Moreover, the record does not reveal evidence to support the Reeves' allegation that the Coldwell Banker defendants had knowledge of any septic system defects. Mere allegations by prior prospective purchasers regarding the condition of the property, which allegations were refuted by the Keeslers, did not provide the Coldwell Banker defendants with knowledge of the falsity of the Statement or ignorance of its truth under these circumstances.
To hold Coldwell Banker liable for fraudulent misrepresentation under the circumstances presented here would place an affirmative duty on a seller's real estate agent to reveal every allegation, even those refuted by its own client and not otherwise supported, to avoid liability for fraud. Coldwell Banker had no such duty. Without more, allegations of a prior prospective purchaser, refuted by the owners, were insufficient to provide the Coldwell Banker defendants with knowledge of a defective condition of the property. At most, the Coldwell Banker defendants knew that a prior prospective purchaser represented that Mr. Keesler told him that the septic system had problems. However, Mr. Keesler denied making any such statement. The facts presented here do not create a genuine dispute as to whether the Coldwell Banker defendants made a representation to the Reeves or were aware of the defective condition of the septic system. The trial court, therefore, did not err in granting the Coldwell Banker defendant's motion for summary judgment.

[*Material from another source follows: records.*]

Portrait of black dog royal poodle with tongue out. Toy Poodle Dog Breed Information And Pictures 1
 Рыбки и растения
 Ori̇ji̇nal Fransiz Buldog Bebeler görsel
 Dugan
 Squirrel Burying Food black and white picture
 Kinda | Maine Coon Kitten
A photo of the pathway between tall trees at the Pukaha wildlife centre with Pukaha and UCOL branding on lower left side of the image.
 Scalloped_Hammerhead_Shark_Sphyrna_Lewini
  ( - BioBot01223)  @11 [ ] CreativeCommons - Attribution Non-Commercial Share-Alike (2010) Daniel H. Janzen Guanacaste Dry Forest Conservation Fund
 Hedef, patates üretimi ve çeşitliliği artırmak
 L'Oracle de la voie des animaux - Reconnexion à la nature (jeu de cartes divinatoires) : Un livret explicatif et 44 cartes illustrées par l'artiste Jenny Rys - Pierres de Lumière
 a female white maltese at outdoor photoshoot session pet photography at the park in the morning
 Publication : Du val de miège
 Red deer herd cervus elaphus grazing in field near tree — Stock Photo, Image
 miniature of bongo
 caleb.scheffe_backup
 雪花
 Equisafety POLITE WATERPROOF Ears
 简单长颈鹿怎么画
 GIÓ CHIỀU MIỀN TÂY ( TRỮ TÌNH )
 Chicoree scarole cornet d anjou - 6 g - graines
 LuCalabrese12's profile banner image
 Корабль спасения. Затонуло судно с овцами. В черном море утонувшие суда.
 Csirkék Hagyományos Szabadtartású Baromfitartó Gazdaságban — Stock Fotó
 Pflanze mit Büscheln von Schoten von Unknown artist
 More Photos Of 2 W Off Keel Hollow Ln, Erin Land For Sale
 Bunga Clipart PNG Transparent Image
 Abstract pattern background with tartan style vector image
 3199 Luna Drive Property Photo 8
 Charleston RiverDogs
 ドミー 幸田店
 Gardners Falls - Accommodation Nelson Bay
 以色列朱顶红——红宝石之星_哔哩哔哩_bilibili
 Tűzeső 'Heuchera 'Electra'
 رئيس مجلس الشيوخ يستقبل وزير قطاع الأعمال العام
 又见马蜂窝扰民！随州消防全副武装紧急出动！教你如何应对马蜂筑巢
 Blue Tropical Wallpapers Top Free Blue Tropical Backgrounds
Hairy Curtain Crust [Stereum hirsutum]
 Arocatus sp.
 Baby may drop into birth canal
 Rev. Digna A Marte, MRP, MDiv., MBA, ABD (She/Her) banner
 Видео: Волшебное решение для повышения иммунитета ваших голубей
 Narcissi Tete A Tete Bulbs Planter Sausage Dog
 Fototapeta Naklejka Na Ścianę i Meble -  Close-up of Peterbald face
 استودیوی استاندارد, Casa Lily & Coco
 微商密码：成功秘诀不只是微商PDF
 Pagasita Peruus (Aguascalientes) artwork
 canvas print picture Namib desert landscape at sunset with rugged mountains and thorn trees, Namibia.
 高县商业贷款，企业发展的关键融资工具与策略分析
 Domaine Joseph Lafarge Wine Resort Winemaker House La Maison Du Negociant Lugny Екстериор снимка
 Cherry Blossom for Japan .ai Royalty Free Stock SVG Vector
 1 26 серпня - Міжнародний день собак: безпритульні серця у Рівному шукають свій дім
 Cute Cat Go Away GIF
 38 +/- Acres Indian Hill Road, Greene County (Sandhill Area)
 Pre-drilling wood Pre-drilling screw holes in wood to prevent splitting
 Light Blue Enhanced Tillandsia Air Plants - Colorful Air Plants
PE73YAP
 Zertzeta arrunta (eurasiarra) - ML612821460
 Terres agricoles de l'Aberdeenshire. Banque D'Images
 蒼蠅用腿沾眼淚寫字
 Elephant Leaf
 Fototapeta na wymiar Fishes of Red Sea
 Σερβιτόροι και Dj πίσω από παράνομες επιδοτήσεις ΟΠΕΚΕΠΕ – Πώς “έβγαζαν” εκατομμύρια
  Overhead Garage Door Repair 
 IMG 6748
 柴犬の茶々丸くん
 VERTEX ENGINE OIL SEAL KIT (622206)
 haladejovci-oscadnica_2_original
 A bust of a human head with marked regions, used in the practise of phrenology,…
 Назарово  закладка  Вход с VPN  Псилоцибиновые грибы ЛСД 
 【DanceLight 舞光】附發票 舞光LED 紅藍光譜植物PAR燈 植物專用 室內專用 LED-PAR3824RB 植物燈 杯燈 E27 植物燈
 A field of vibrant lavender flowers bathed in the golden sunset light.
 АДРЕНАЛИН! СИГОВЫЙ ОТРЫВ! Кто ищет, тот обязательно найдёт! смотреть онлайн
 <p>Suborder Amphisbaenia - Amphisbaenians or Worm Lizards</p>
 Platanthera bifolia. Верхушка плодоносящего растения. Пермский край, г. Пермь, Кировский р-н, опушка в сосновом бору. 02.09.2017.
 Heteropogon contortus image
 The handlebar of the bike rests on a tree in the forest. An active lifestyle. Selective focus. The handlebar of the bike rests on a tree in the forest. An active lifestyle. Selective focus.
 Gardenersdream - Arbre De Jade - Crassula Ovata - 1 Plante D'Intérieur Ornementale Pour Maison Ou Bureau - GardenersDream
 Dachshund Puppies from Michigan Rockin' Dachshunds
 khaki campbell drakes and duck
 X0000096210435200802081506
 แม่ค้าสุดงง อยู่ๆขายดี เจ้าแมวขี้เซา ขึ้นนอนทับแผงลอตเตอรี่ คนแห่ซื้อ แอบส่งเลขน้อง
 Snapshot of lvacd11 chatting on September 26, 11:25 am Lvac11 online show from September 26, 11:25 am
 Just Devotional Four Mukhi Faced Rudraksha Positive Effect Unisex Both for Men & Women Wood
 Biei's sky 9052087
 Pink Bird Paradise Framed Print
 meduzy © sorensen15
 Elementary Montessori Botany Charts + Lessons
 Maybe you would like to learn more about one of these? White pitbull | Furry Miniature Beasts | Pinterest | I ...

II. FRAUDULENT CONCEALMENT
The Reeves next argue that the trial court erred in granting summary judgment in favor of the Coldwell Banker defendants on Count II, fraudulent concealment. They claim that the defendants were obligated as a matter of law to disclose the existence of the Magnuson letters.
Silence or nondisclosure of a material fact can be an act of fraud if there exists a duty to disclose. Andes v. Albano , 853 S.W.2d 936, 943 (Mo. banc 1993). Concealment of a fact which one was a duty to disclose properly serves as a substitute element for a false representation in the tort of fraudulent misrepresentation. Triggs v. Risinger , 772 S.W.2d 381, 382 (Mo. App. 1989). The duty to disclose arises either where there is a relation of trust and confidence between the parties or where one party has superior knowledge or information not within the fair and reasonable reach of the other party. Andes , 853 S.W.2d at 943.
As discussed above, an allegation by a prior prospective purchaser, refuted by the owner, does not provide the Coldwell Banker defendants with knowledge of a problem with the septic system and ducts. Absent evidence that the Coldwell Banker defendants were aware of the defective septic system, they cannot be held liable for fraud based on the failure to disclose the problems. See Mobley v. Copeland , 828 S.W.2d 717 (Mo. App. 1992) (where no evidence existed that the vendors of a residence were aware that several air vents throughout the residence did not have air ducts leading outside, they could not be held liable for fraud based on the failure to disclose the condition).
Finally, the Reeves argue that the trial court erred in granting summary judgment in favor of the Coldwell Banker defendants based on their affirmative defenses. The Coldwell Banker defendants, however, moved for summary judgment on the grounds that the Reeves failed to prove the elements in their fraudulent misrepresentation and concealment actions. Affirmative defenses were not considered by the trial court and were not the basis of the court's judgment, therefore, the defenses are not an issue in this appeal.
The judgment of the trial court is affirmed.